Prof. Meredith Silberstein, mechanical and aerospace engineering, is one of 84 recipients across the nation to receive a $750,000 grant from the U.S. Department of Energy’s Early Career Research Program. The grant will help fund her work in electrical fields, which she calls “a new research area,” over the course of five years.
According to the program’s website, the Department of Energy’s Early Career Research Program has supported the “development of individual research programs of outstanding scientists early in their careers” for nine years.
Silberstein said she was grateful for the funding, and shared her excitement of being able to research a brand-new way of thinking about material design. Before beginning their research, Silberstein and her team pored through existing literature and did not find anyone conducting the same work on polymers.
“For this grant, we are going to look at whether you can manipulate the mechanical properties of polymer membranes of electric fields,” Silberstein said. “We are interested in this because these membranes are used in electrical technology like battery and field cells, so they should be designed smarter [to be able to] modify their properties when the electrical field in these different systems changes.”
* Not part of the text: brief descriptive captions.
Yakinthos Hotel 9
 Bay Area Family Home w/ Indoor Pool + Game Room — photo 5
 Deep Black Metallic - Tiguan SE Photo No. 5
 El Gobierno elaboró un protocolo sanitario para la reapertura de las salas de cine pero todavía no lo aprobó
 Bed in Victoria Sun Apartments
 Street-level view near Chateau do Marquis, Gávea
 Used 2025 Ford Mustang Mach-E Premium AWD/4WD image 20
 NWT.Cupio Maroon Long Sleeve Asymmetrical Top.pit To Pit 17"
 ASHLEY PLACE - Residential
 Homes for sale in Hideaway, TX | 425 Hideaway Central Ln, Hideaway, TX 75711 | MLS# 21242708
The grant, which will start in September plays a significant role in helping make exploration into the new field possible, according to Silberstein.
“We have been working on polymers but we have not been working on electric fields, and we don’t really have the equipment to do it or the ability to pay for a postdoc to work on it,” she said. This funding is central to furthering this novel research, she explained, adding, “I really couldn’t be working on this project without the grant.”
Silberstein applied for the grant in part because it was the one that best supported her research and career.
“We expect that our work will lead to the design of membranes that respond productively — for instance, by strengthening or healing — to the dynamically varying electrical field environments inherent to batteries and fuel cells,” Silberstein told the University.
Before officially getting the new project going in September, Silberstein said there is still a lot of set up that needs to be done. Nonetheless, looking ahead, she is excited and optimistic about the new research opportunity.
“Hopefully, we do well, and find more interesting related areas to explore, and get more funding.”